Periodically I see the question asked: why does the global scenery take up so many DVDs? Or more typically the question is: if it is so big, why is X missing, where X is the detail the user expected to see but did not find.

The size of X-Plane’s global scenery is due to two factors:

  1. Some aspects of the scenery are very detailed, and this takes up disk space.
  2. Some aspects of the scenery are computed ahead of time, not by X-Plane, and this takes up disk space.

Big Data

A few data sources make the scenery pretty big:

  • The scenery is generated from 90m SRTM data for the entire world.
  • US scenery includes the entire US road grid.
  • Coastline data is fairly detailed in the US and for most oceanic coasts.

In other words, part of the size of the scenery comes from having reasonably accurate topography and coastlines everywhere.


The other source of file size is that X-Plane precomputes aspects of the scenery to reduce load on X-Plane while you fly. (We do this to improve frame rate.) In particular, the scenery uses a class of algorithms that are expensive to compute, and thus we compute them ahead of time and save the result (using up file space).

  • Land class changes not on a regular grid, but along iregular polygonal boundaries following the shape of the terrain. This produces much more natural terrain transitions in the mountain, but requires more storage.
  • “Auto-Gen” forests and buildings don’t follow a grid – rather, they fit into the irregular spaces made by vector roads and water.
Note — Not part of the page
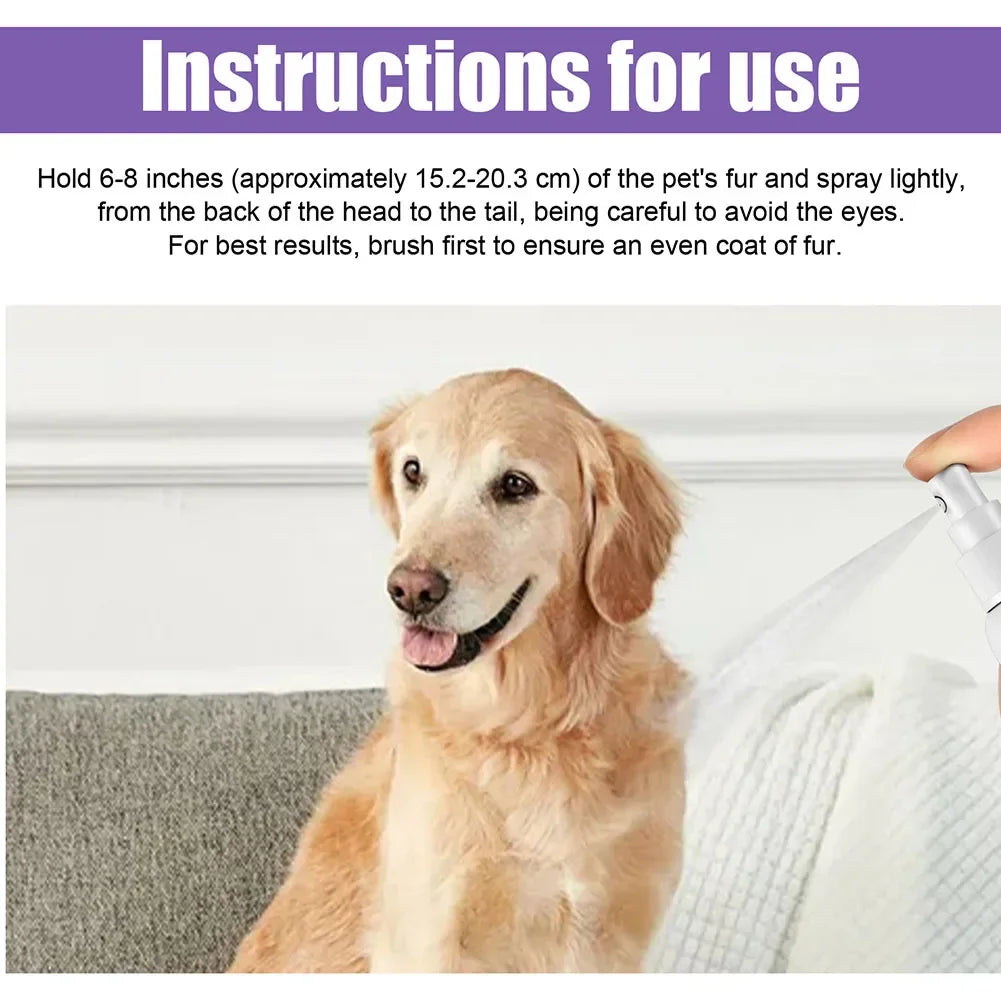 Lavender Oil Dog Deodorizer Spray – Long-Lasting Odor Remover for Cats & Dogs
This fitting process is too slow to run inside X-Plane, so every auto-gen building and forest area must be pre-computed and saved.

Room To Grow

One interesting side effect of saving the end results of building locations (“pre-placement”, what X-Plane does) rather than the formula for how to place them (“auto-gen”, what FS X does) is that we can make the placement algorithm for buildings significantly smarter without any increase in file size or decrease in frame-rate. Having already eaten the cost of putting every building into the DSFs, we can make those locations better without hurting performance.

That algorithm to pre-place buildings also can have access to source data that isn’t available in the final DSF, allowing for effects that might not be possible in an auto-gen system.

About Ben Supnik

Ben is a software engineer who works on X-Plane; he spends most of his days drinking coffee and swearing at the computer -- sometimes at the same time.

2 comments on “Why Does the Global Scenery Take 6 DVDs?

  1. Make that 15-20 if the caribbean could be made viable!

    Three of the 10 most dangerous airports in the world (TNCM, TFFJ, and TNCS) are less than 30 nm apart. St Maarten (TNCM) is reasonable. St Barth (TFFJ) and Saba (TNCS) bare little resemblance to what is needed.